Est-ce que cet élan créatif a été motivé par le désir de franchir un cap dans ton parcours personnel ou par celui de casser les schémas de la scène metal ?
C'est une bonne question. Je crois qu'il y a un lien entre les deux. Dans la mesure où je ressentais le besoin de synthétiser les trucs que j'aimais, qu'il restait un territoire vierge à explorer et qu'à ce jour, je n'avais pas encore été capable de l'explorer. Je voulais entendre un disque qui sonne comme ça, donc je me suis dit qu'il fallait le faire, tout simplement.
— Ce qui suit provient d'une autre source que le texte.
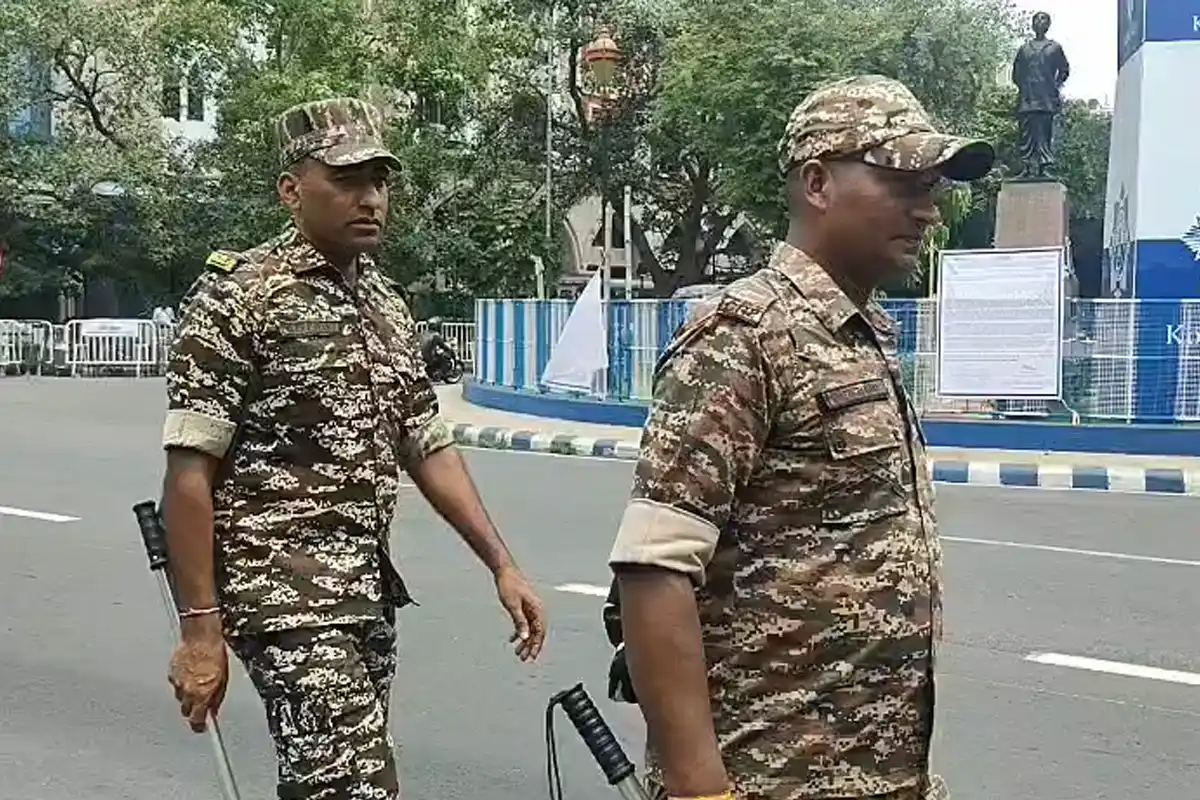 Khudirampally ballot box CCTV controversy Kolkata: खुदीराम केंद्र में बैलेट बॉक्स को लेकर विवाद, बिना कैमरा वाले कमरे में ले जाने का आरोप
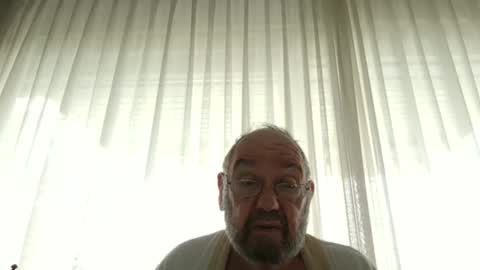 Snapshot of fredaldavid chatting on January 8, 9:32 am David Fredal online show from January 8, 9:32 am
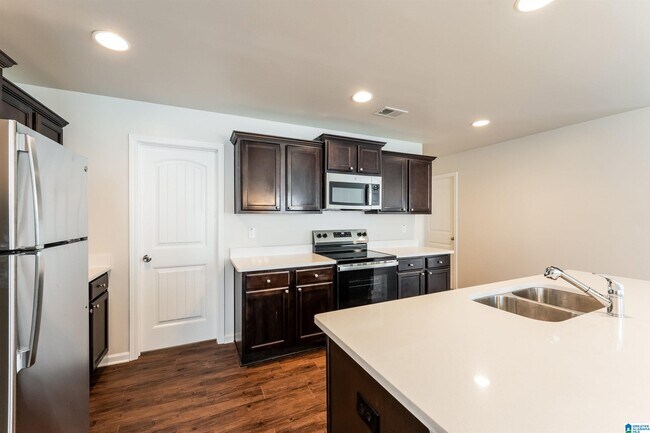 Building Photo - 308 Reed Way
Mais il y a un autre aspect là-dedans, parce que, qu'on le veuille ou non, Liturgy est un groupe qui écrit, joue et performe des morceaux, mais qui est aussi au centre de discussions, qui provoque des réactions.

Et quand on sait que les gens vont réagir à nouveau sur ce disque, ça a forcément quelque chose d'effrayant de se lancer dans l'exploration de zones vierges, mais en même temps c'est aussi ça qui rend le truc intéressant et excitant. Je me dis souvent que si le premier album de Liturgy n'avait pas existé, on ne diviserait pas autant les gens. Je ne serais peut être pas associé aussi directement à la scène metal.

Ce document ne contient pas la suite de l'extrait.